Clock speed means nothing, its performance at a certain cost vs power usage (another word for cost). Ultimately it's performance vs cost*2 vs density.

Simple though experiment,

CPU A at 1 Thz (physics being ignored for the time being) or 1,000 Ghz
CPU B at 1Ghz

CPU A can process 1 woglet (invited metric of performance) per clock cyle and thus has a performance of 1,000,000,000,000 woglets per second or 1 Twog per second.

CPU B can process 1,000 woglets per cycle and thus has a performance of 1,000,000,000,000 woglets per second or 1 Twog per second.

CPU's A and B cost the same and produce the same thermal output.

CPU B has 100,000% more "IPC" then CPU A.

Both CPU's are functionally identical.

I used big numbers to denote that even large differences, ridiculously earth shattering large, in "IPC" mean absolutely nothing in the grand scheme of things. What matters is the performance you get for the cost of the product. Or rather, the method used to pluck the chicken doesn't matter provided the chicken gets plucked.

Welcome to my world, where we build and compare various engineering solutions that best match our customers needs.

 

[truegenius]

Opps that's what happens when i type and do Math at the same time!

so you need multicore cpu (brain) to stop reseting of a thread 😛

M.A.L.MENTAL wrote
'ipc is the key'
i quote
:lol:

so its a need to replace ipc with ppg (performanbe per gigahertz) based on a standard like c11.5

the thing that matters is
ghz x ppg in less tdp and less price
and for multithreading, multiply that by number of cores (assuming full use of cores)
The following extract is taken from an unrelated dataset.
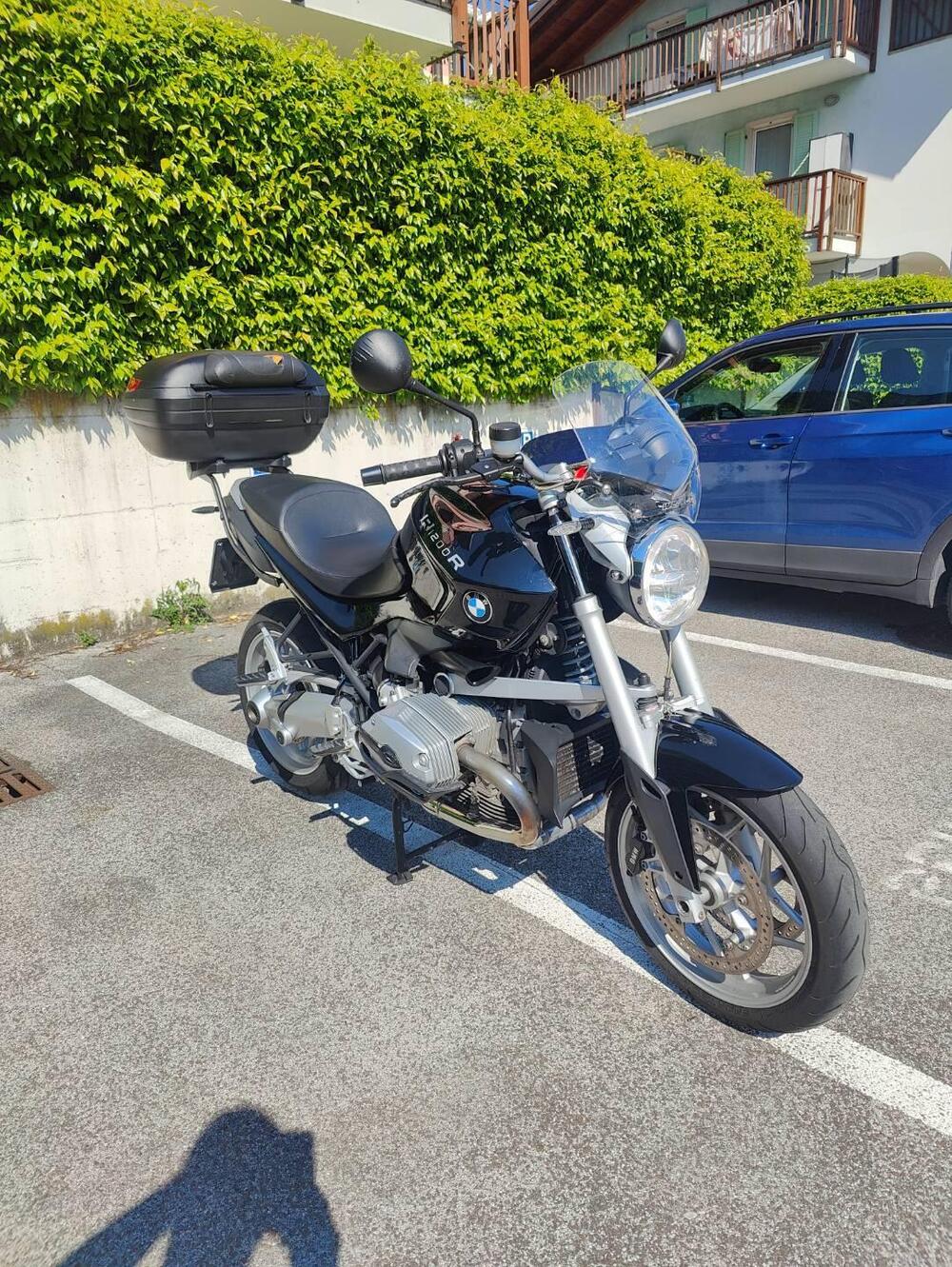 Bmw R 1200 R (2006 - 11) (2)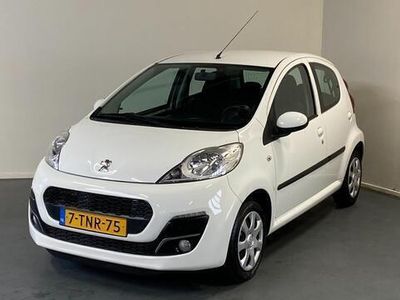 tweedehands Peugeot 107 1.0 Active |Airco|Radio|12 mnd BOVAG garantie|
HOW ABOUT USING CPU TIME TO CALCULATE CPU USAGE BY A TASK/PROCESS? 😀

 

[dogman_1234]

I-P-C-K-E-Y

Ipckey, Ipckey House!

 

[Cazalan]

If your cache latency is crap good luck with lots of context switches.

 

[palladin9479]

If your cache latency is crap good luck with lots of context switches.

Pretty much. Although L1 is by far the most important.

I never made any arguments ~for~ AMD, only that more cores are always useful and core count should never be ignored.

 

[jdwii]

Pretty much. Although L1 is by far the most important.

I never made any arguments ~for~ AMD, only that more cores are always useful and core count should never be ignored.

What you said makes since but we can't forget about IPC Since you cant run the CPU's at such a high clock rate anyways, And Most programs will still work better having more powerful cores vs more of them, I'm not talking about servers where TDP per watt(Which Intel has amd beat also) matters the most i'm talking about Overall-Performance/per dollar that's all i care about within reason.

And to let you guys know 1 core can do multitasking as well, Just because their is twice as much cores doesn't mean its better then a processor with twice the performance per core. If anything that means the processor with twice the cores is worse because now it needs to have all its cores in use to take on the processor with half as much cores which isn't always possible.



I really don't care much to have the performance per core of Intel i just want it to be close and if Amd can give me twice the cores as well then its a win win but Currently this is not the case..not even close. I sure hope it will be though unless my sabertooth will cry.

 

[palladin9479]

What you said makes since but we can't forget about IPC Since you cant run the CPU's at such a high clock rate anyways, And Most programs will still work better having more powerful cores vs more of them, I'm not talking about servers where TDP per watt(Which Intel has amd beat also) matters the most i'm talking about Overall-Performance/per dollar that's all i care about within reason.

And to let you guys know 1 core can do multitasking as well, Just because their is twice as much cores doesn't mean its better then a processor with twice the performance per core. If anything that means the processor with twice the cores is worse because now it needs to have all its cores in use to take on the processor with half as much cores which isn't always possible.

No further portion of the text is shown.